John 5:2 Now in Jerusalem by the Sheep Gate there is a pool, called in Hebrew Beth-zatha, which has five porticoes. 3 In these lay many invalids—blind, lame, and paralyzed. 5 One man was there who had been ill for thirty-eight years. 6 When Jesus saw him lying there and knew that he had been there a long time, he said to him, “Do you want to be made well?” 7 The sick man answered him, “Sir, I have no one to put me into the pool when the water is stirred up; and while I am making my way, someone else steps down ahead of me.” 8 Jesus said to him, “Stand up, take your mat and walk.” 9 At once the man was made well, and he took up his mat and began to walk.
There are numerous opinions regarding the lame man who was laying beside the pool. Some think that his response was rather snarky. Jesus asks him if he wants to be made well. He has no clue who Jesus is and his response is probably laced with sarcasm. His only understanding of how to get well has to do with the water being stirred up. Therefore he takes the time to explain to Jesus how healing should happen. He has to be the first one into the water but the problem is that he’s been there a long time and he has never been first. So sure, he’d like to be healed, but as far as he knows, it’s not going to happen.
He doesn’t really answer Jesus’ question. He probably thought the question was absurd because he would only be lying there if he wanted to be healed. He is exasperated and may have had his heart crushed as a result of his long and extended illness. Hope was not something that he lived with and instead, his illness got the better of him. Day after day he watched others get into the water before him and he allowed anger and bitterness to work its way into his heart.
Suddenly the Messiah was before him but he’s so frustrated with life, he can’t see who he is. Jesus asks him a question and he’s exasperated but maybe hoping that this man will help him get to the water first. It is in this moment that we see God’s prevenient grace at work — reaching out to the one who is feeling hopeless and very sorry for himself.
He really doesn’t see that there is any hope that he will ever be healed. Jesus sees him and all of his needs. In grace he approaches the one who has come to his wits end and holds out a hand of hope. Instead of grasping the hand the man continues to complain. Jesus doesn’t give up and doesn’t argue with the man. He simply tells the man to get up and walk. Can you imagine that the man was overwhelmed when suddenly he was able to get up and walk. In his place of exasperation, this unworthy man received a great gift of healing.
I think that sometimes we have a hard time understanding or accepting God’s grace. We may even convince ourselves that God can’t reach us in our current condition. Interestingly Jesus didn’t expect anything of this man who couldn’t even answer his question in a simply way; yet, Jesus healed him.

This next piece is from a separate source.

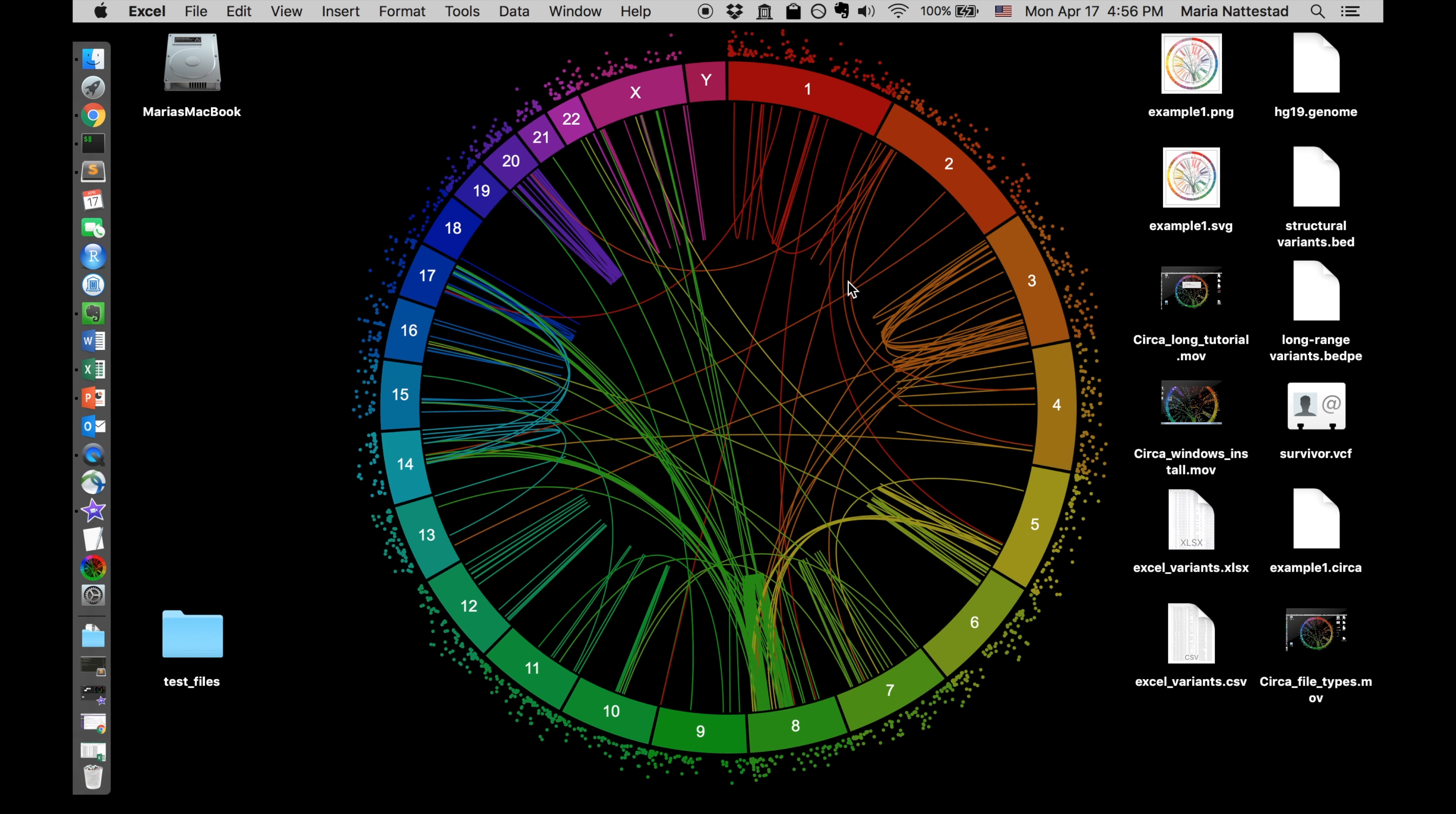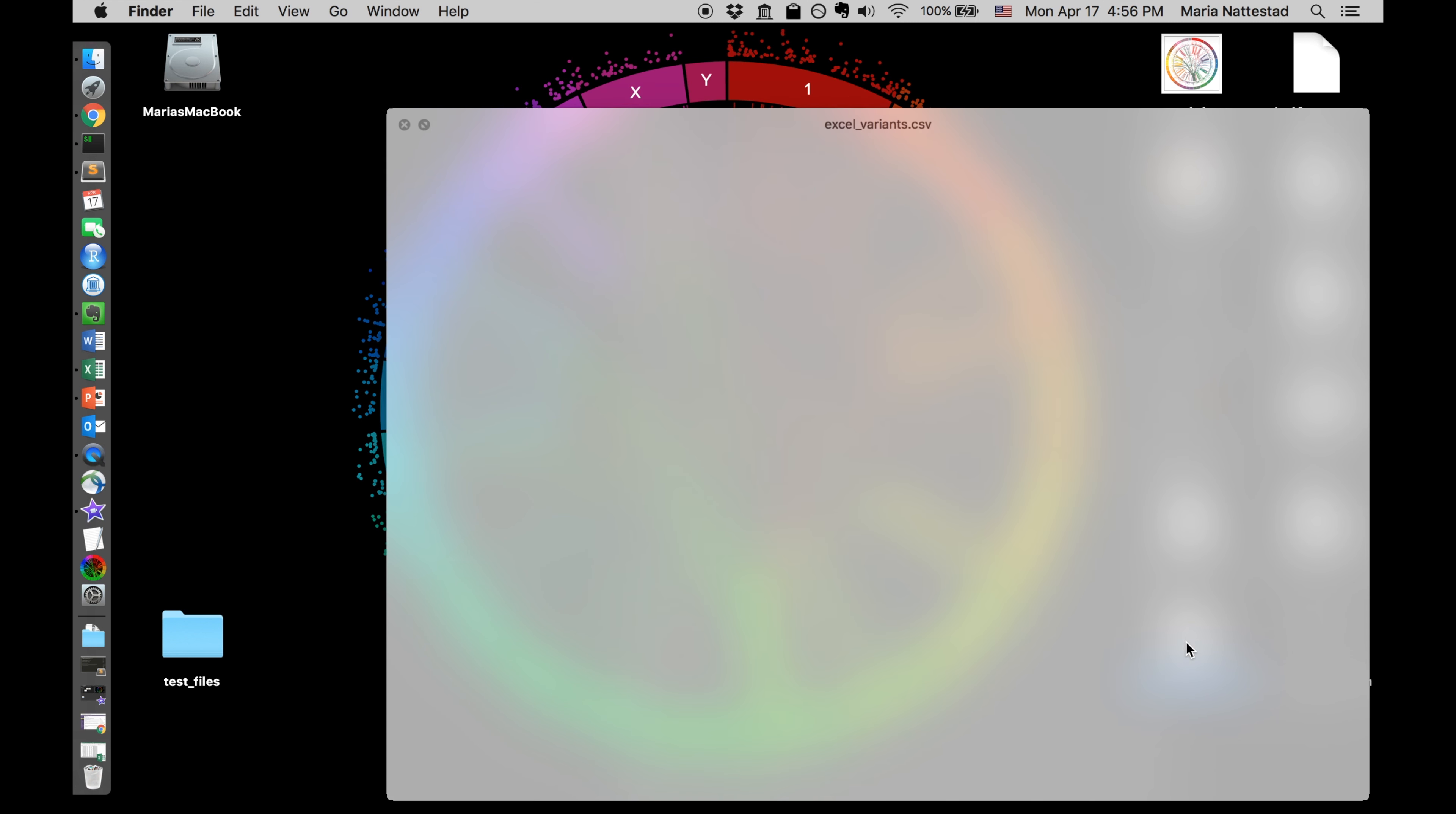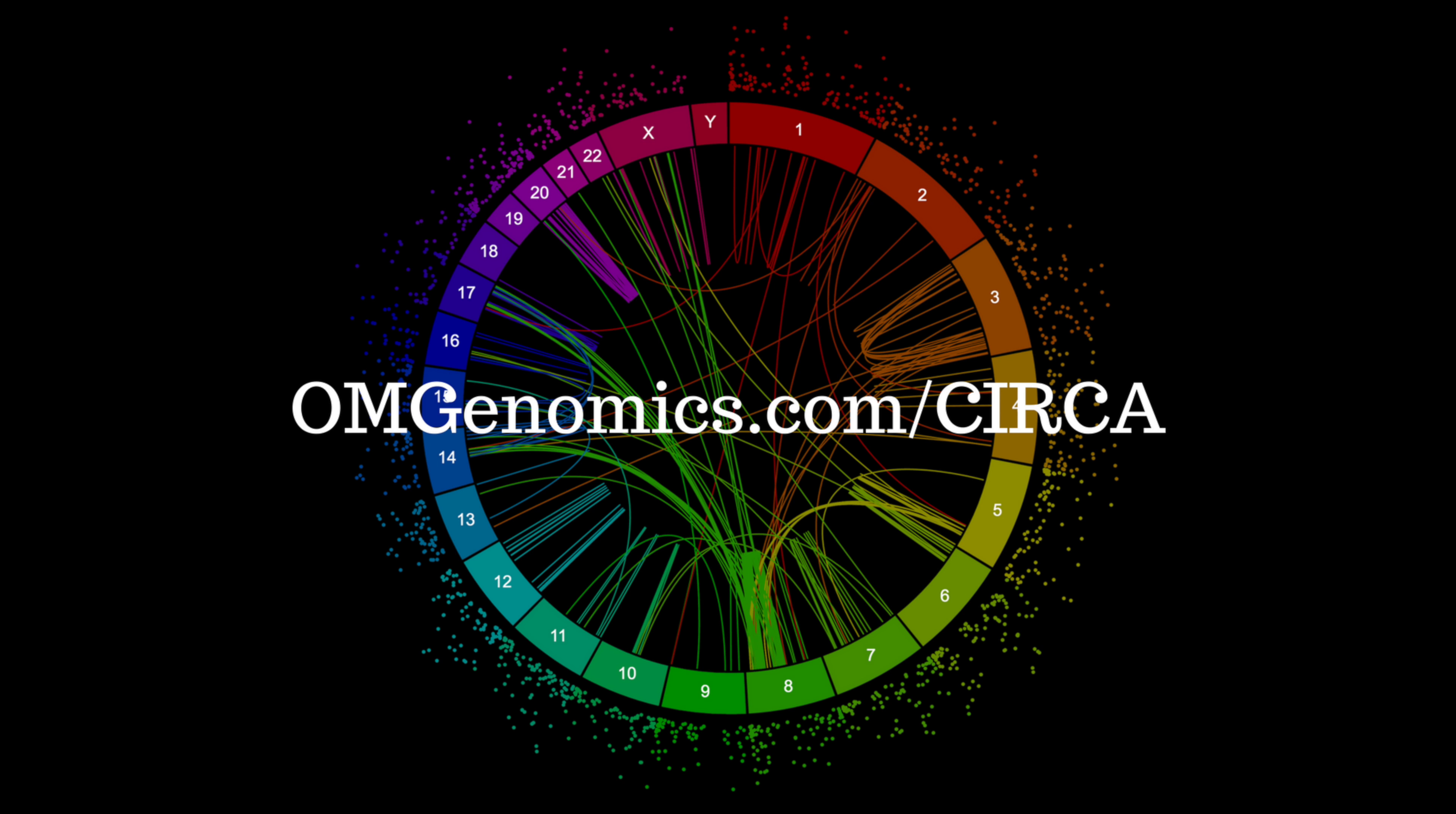And now if I minimize that, I can go out here and look. And so now I have an Excel file and I have a CSV file. And if I open the CSV, you can see it looks like a table. So that's all you have to know about file formats and CIRCA.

The beauty of the story is that Jesus did not turn away. There are days when we find ourselves in the place of the lame man. Life will have gotten us down, and even when Jesus reaches out to us we will give some kind of a snarky response out of our exasperation. Jesus knew the man’s need, and he knows ours too.
The hymn by Annie Flint invites to remember that his great love and grace will always be enough.
He giveth more grace as our burdens grow greater, He sendeth more strength as our labors increase; To added afflictions He addeth His mercy, To multiplied trials He multiplies peace.
When we have exhausted our store of endurance, When our strength has failed ere the day is half done, When we reach the end of our hoarded resources Our Father’s full giving is only begun.
Fear not that thy need shall exceed His provision, Our God ever yearns His resources to share; Lean hard on the arm everlasting, availing; The Father both thee and thy load will upbear.
His love has no limits, His grace has no measure, His power no boundary known unto men; For out of His infinite riches in Jesus He giveth, and giveth, and giveth again.
Relax and live into the grace of God extended to us today.
Lord, thank you for your overwhelming love. Amen.